Merging Documents With Similar File Names

Introduction

It is often necessary to merge PDF files with similar file names into a single PDF document. For example, multiple statements belonging to the same customer/account can be combined into a single document using this simple approach. The AutoSplit plug-in provides functionality for automatic merging of multiple PDF documents into multiple output documents based on file name similarity. The following tutorial provides step-by-step instructions on how to accomplish this task.

Input Document Description

The input folder we are going to use in this tutorial consists of the following 13 PDF files:

1. INV.TASK.0000001.0000001.pdf

2. INV.TASK.0000001.ACTION.0000654.pdf

3. INV.TASK.0000001.ACTION.0006543.pdf

4. INV.TASK.0000002.0000001.pdf

5. INV.TASK.0000002.ACTION.0000089.pdf

6. INV.TASK.0000002.ACTION.0000123.pdf

7. INV.TASK.0000002.ACTION.0022001.pdf

8. INV.TASK.0000003.0000001.pdf

9. INV.TASK.0000003.ACTION.0003034.pdf

10. INV.TASK.0000003.ACTION.0009781.pdf

11. INV.TASK.0000004.0000001.pdf

12. INV.TASK.0000004.ACTION.0000009.pdf

13. INV.TASK.0000004.ACTION.0004541.pdf

IMPORTANT: Please note that input files should not be password protected or restrict user-access rigths.

The goal is to merge all files from the input folder into the output folder by taking one input document and finding all other documents that have at least 16 (this value can be set by the user) common first characters in the file name. Output files will have the same name as a first PDF file in each group with similar names.

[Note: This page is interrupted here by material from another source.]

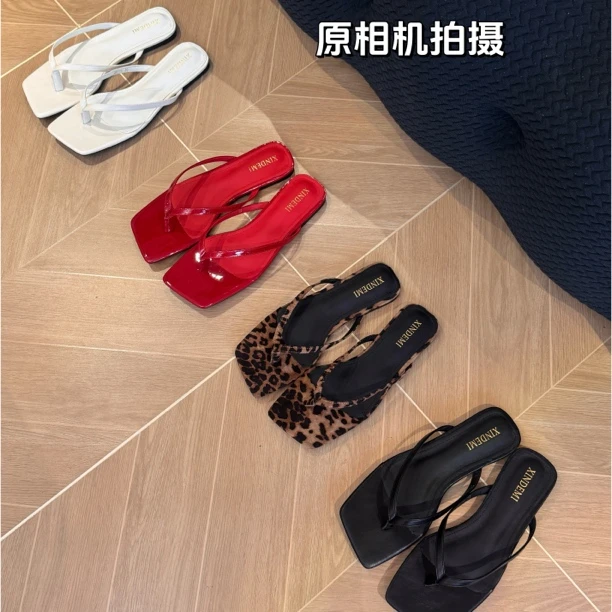 【馨馨子】法式绝美夹趾凉拖鞋子女夏外穿2025年小众大码mm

The following 4 output files should be created:

1. INV.TASK.0000001.0000001.pdf

2. INV.TASK.0000002.0000001.pdf

3. INV.TASK.0000003.0000001.pdf

4. INV.TASK.0000004.0000001.pdf

Merging Approach

Unlike regular document merging, there are multiple output files from this operation. Each output file is created by taking one input document and finding all other documents that have at least X common first characters in the file name. The similarity between two file names are controlled by a user-specified number of common characters. All merged documents are placed in the user-selected output folder. Merged files have the same name as a first file in group used for merging.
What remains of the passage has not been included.